Greg Clarke threatens to quit FA if MPs reject reforms
Football chief says he will take 'personal responsibility' as politicians debate future of Football Association
FA chairman Greg Clarke has said he will step down if sports minister Tracey Crouch does not accept his plans to reform the organisation.
The government is introducing a new code of governance for all sports governing bodies in the UK to make them accountable, transparent and diverse.
However, Damian Collins, chairman of the culture, media and sport committee, has also introduced a backbench motion calling for ministers to impose reform on the Football Association.
"The Government has given the FA a deadline of April to deliver progress on reforms or face losing up to £30m a year in public funding," reports Sky Sports. "On Thursday MPs will debate a non-binding motion of no-confidence in the FA in the House of Commons."
Clarke said he was "confident" that "substantial change" would occur, but there was "no mistaking his annoyance" over the debate, reports The Guardian.
He said: “Delivering real change is my responsibility and I firmly believe this is critical for the future of the game.

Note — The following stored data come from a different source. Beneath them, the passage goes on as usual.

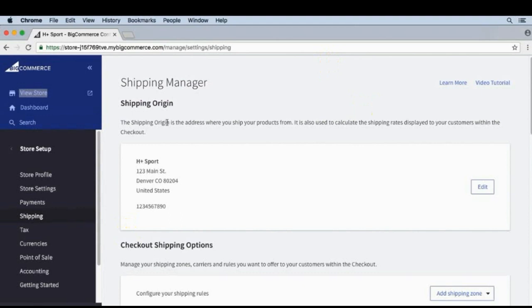We've set up shipping zones and some of the easier shipping methods. Now let's look into some of the more complicated methods. Many stores can't offer free shipping, and for some stores the shipping costs are just too hard to calculate, so they offer live rate shipping where you pay the exact shipping cost for the order.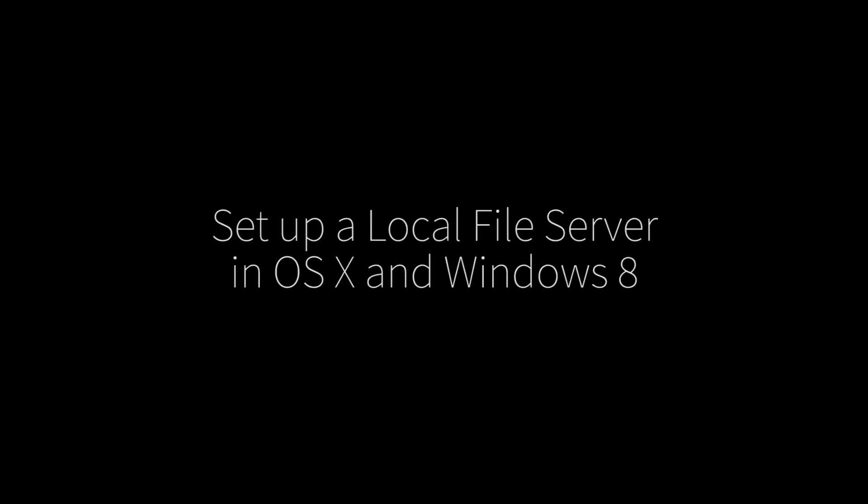Hi there, my name is Ian Spence from MacTuts+, and today I'm going to be showing you how to set up a local file service between your Mac and your Windows PC.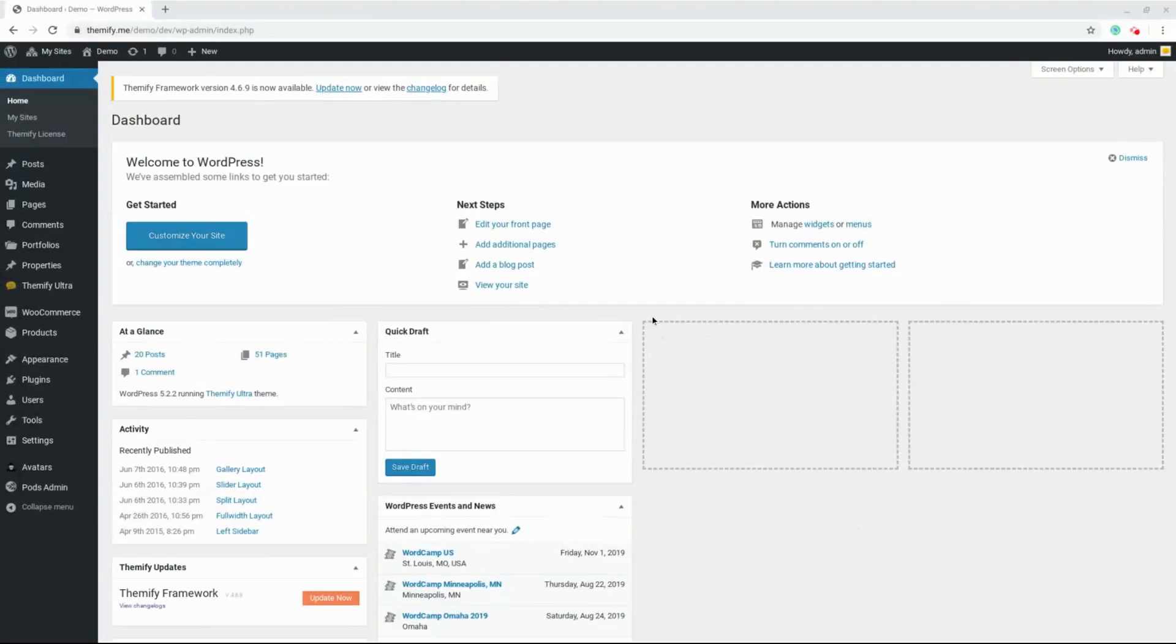Hello, my name is James, and in this video we're going to learn about the dynamic query feature within the Builder Pro plugin from Themify.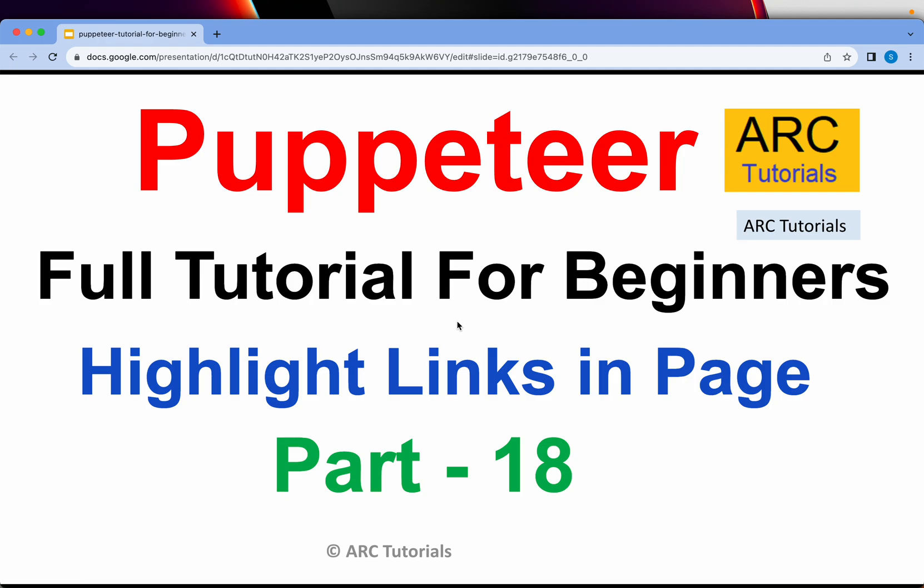Welcome back to ARC Tutorials. This is Puppeteer full tutorial series for absolute beginners.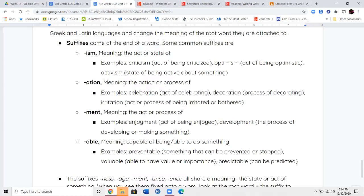Your next suffix is -ment (M-E-N-T). Again, this is the act or the process of something. So enjoyment is the act of being enjoyed — a feeling when you are enjoying something, when something is making you happy. Development is the process of developing or making something — something in development means it's still being actively made right now.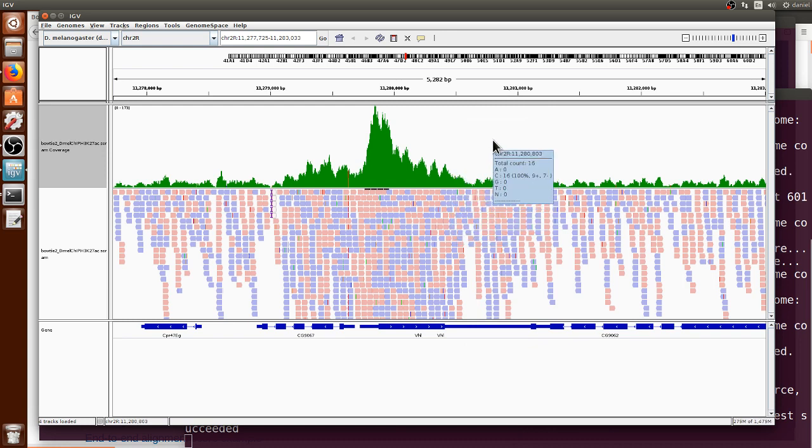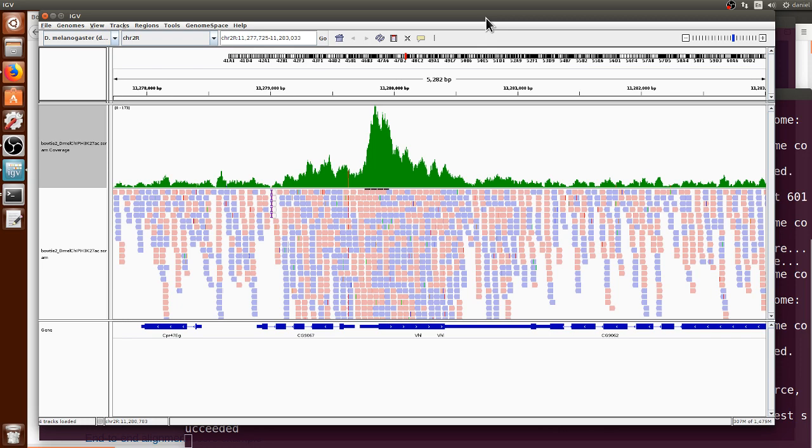This alignment is in Bowtie2 so that's how you run Bowtie2 using the terminal and the computer cluster and some of the samtools too and how you can load them into IGV. I hope you found this video useful.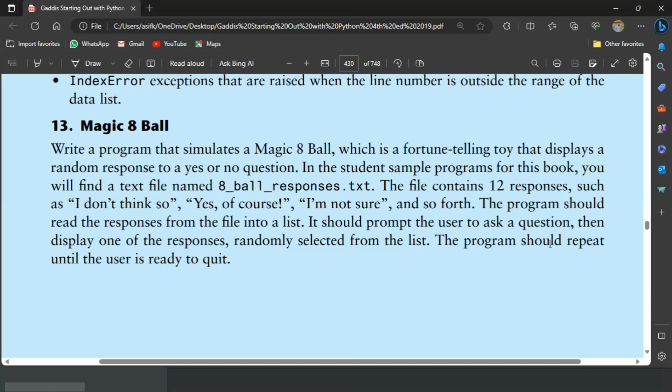Welcome guys, in this video I will write the Python program for the 13th exercise of chapter 7. This is the Magic 8 Ball program, which is a fortune-telling toy that displays random responses to yes or no questions. The 8_ball_responses.txt file contains 12 responses such as 'I don't think so', 'Yes, of course', 'I'm not sure', and so forth.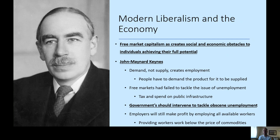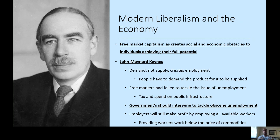Keynes also believed the government should be free to intervene to tackle obscene unemployment. For capitalism to function, a certain level of unemployment is needed to push down wages and create competition in the labour market — so full employment means roughly 80 to 90 percent employment, not 100 percent. The government should tackle unemployment by nationalising industries or building its own, providing the demand is there. Employers will still make profit employing available workers, provided workers work within the range of commodities they produce. We can see how Keynes's core ideas reflect modern liberal assumptions of individualism, human nature, and the development of justice.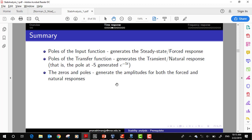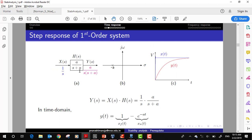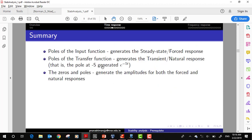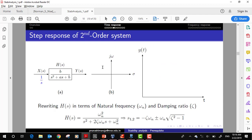Before jumping to frequency response, let me revise certain things. For a first order system, the key parameter is the exponential frequency (minus a), from which we can define two timing parameters: rise time and settling time. For a second order system, we have two parameters: omega_n, the natural frequency, and zeta, the damping factor.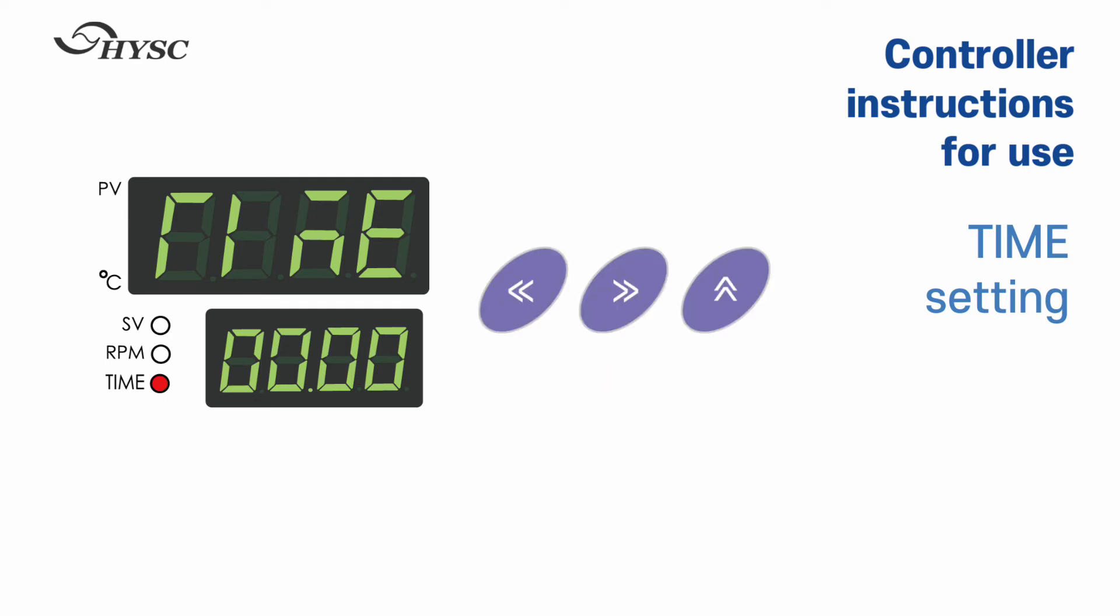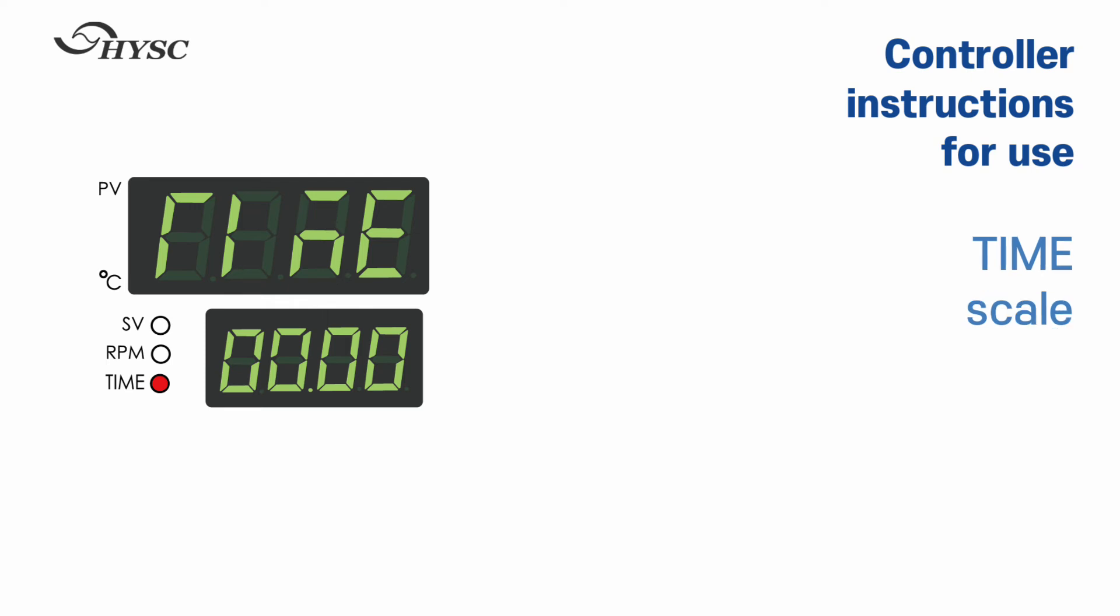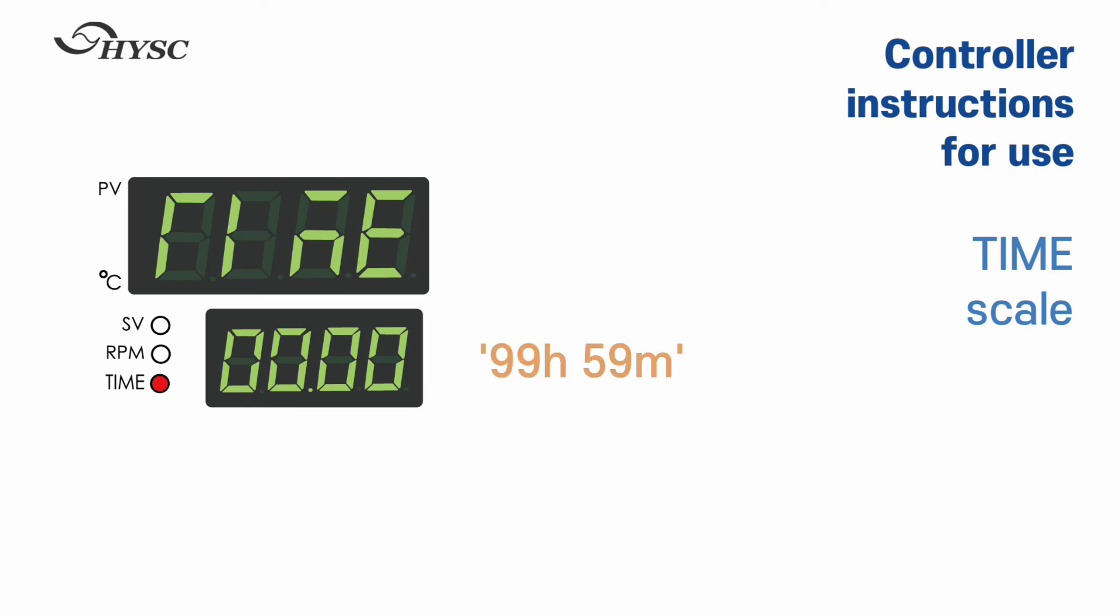Set the time using the digit shift keys. The default unit of time is hours and minutes. The maximum time to set up is 99 hours 59 minutes.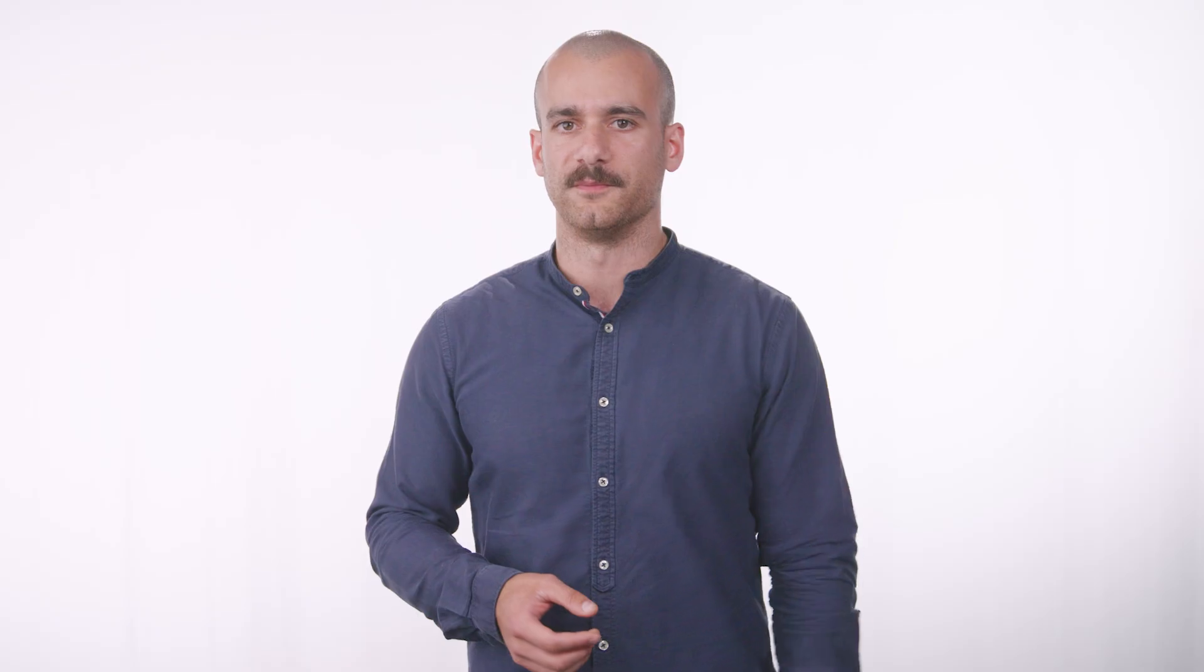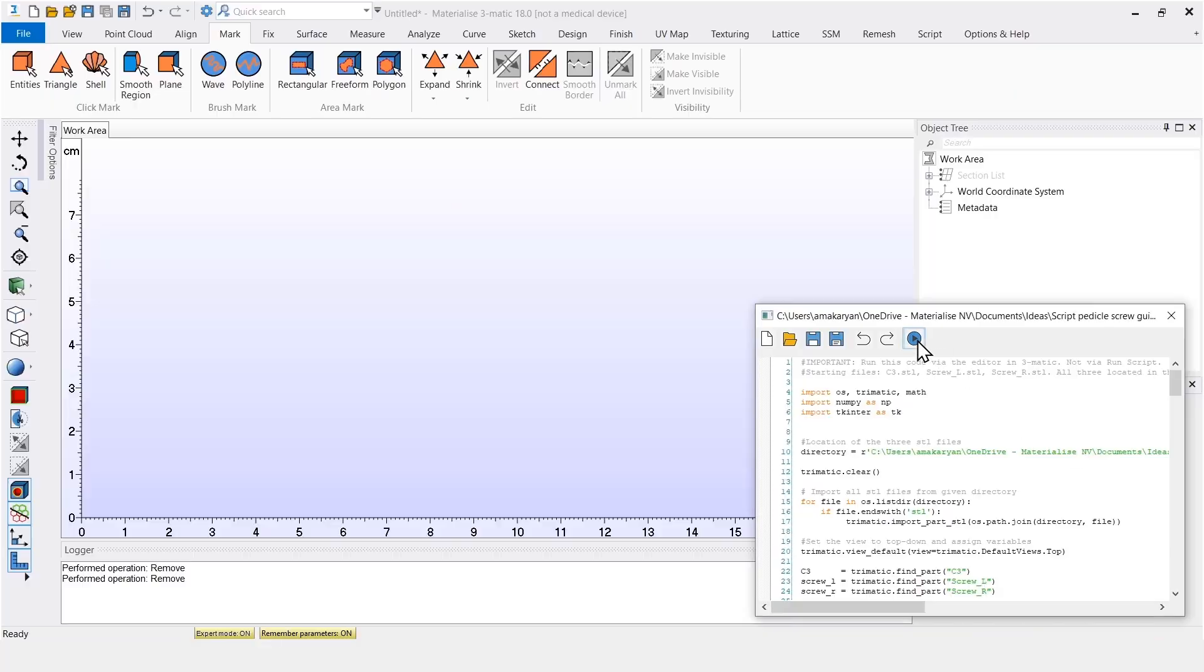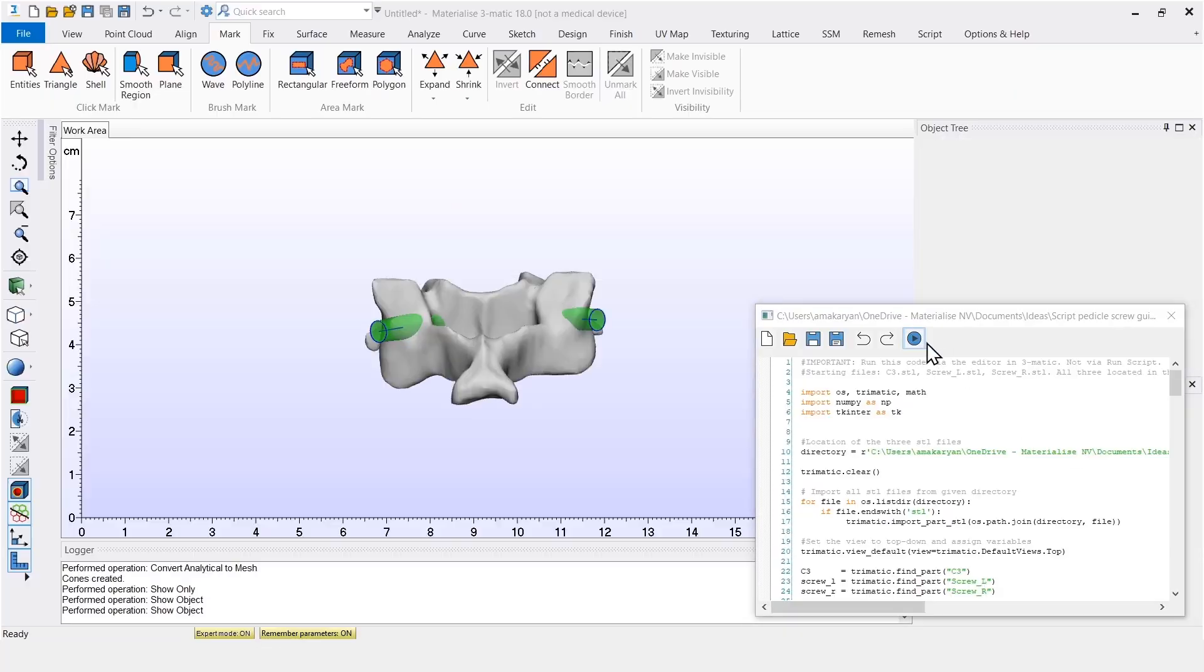Now, I'll show you the automated version of the same workflow. I'll first run the script, and then I'll quickly go over some of the code with you. So if I start with an empty 3matic file and run the script, all the necessary STL files are imported automatically.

"If the government is not supportive of the changes when they are presented in the coming months, I will take personal responsibility for that. I will have failed. I will be accountable for that failure and would in due course step down from my role."
The situation is somewhat bizarre, says Marina Hyde of the Guardian.
"The culture, media and sport committee is composed of ten middle-aged white men, one woman and not a single BAME representative. So who better to demand reform of the Football Association?" she writes. "Back in December, you may recall, five elderly white men who used to be big at the FA wrote to parliament to explain that the FA was culturally incapable of reform because of elderly white men."
The debate, Hyde continues, will have little impact on the FA and is "more likely to reflect which MPs most want to get themselves on the news that day".
However, change could be coming, says Richard Conway of the BBC. "Not a lot has changed since the FA was founded in the mid-19th Century," he says, but Clarke appears determined to win government approval.
"There's growing indignation within Wembley over continually being called a failing organisation. There's a recognition that work needs to be done to increase diversity and to change a board structure whose members have been criticised for representing vested interests.
"But, as Clarke reflects, the FA's view is that it is very much meeting its role as a governing body."